What are Opacities?

All studies of atmospheres, whether it be on Earth, on a distant planet, or even a distant star, require an understanding of how gas interacts with light at all wavelengths across the electromagnetic spectrum. This is because molecules and atoms have intricate absorption and emission spectra that act as a barcode, allowing astronomers to quantify and identify molecules and atoms in any type of atmosphere. Moreover, the absorption spectra of each molecule or atom are affected by the temperature, pressure, and gas mixture environment that it resides in. For example, the absorption spectrum of water in our atmosphere is unique and has important information about the Earth’s temperature, pressure, and Nitrogen-based air mixture. Water in Jupiter, however, exists at much cooler temperatures and is bathed in a hydrogen and helium mixture, giving it a different spectrum entirely.

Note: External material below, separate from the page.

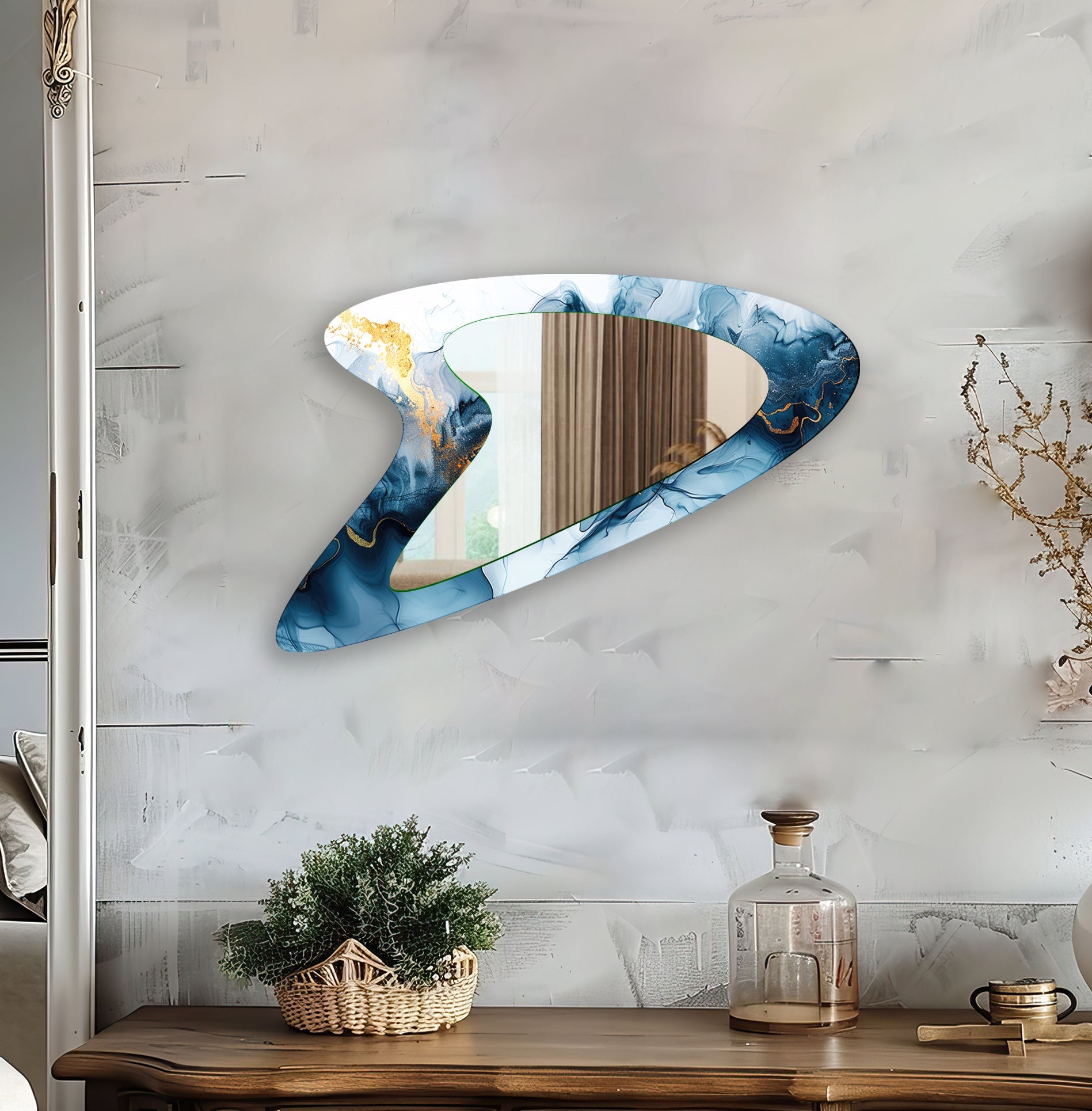 Blue Alcohol Ink Glass Wall Mirror - Elegant Handmade Home Decor for Living Room, Bedroom & Bathroom | Perfect for Modern & Bohemian Interior Design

Using pattern recognition techniques we can leverage this physical phenomenon to identify molecules in planet- and stellar-atmospheres, and even determine their climates. But in order to do so, we need to first compute these data, called opacities. Much like the meaning of the word opacity, opacities tell us the absorptive qualities of molecules and atoms (in other words, their opaqueness at each wavelength). MAESTRO is a curated database of these opacities. For each molecule, we provide these spectra at varying temperatures and pressure so you can explore the properties of a huge diversity of molecules and atoms!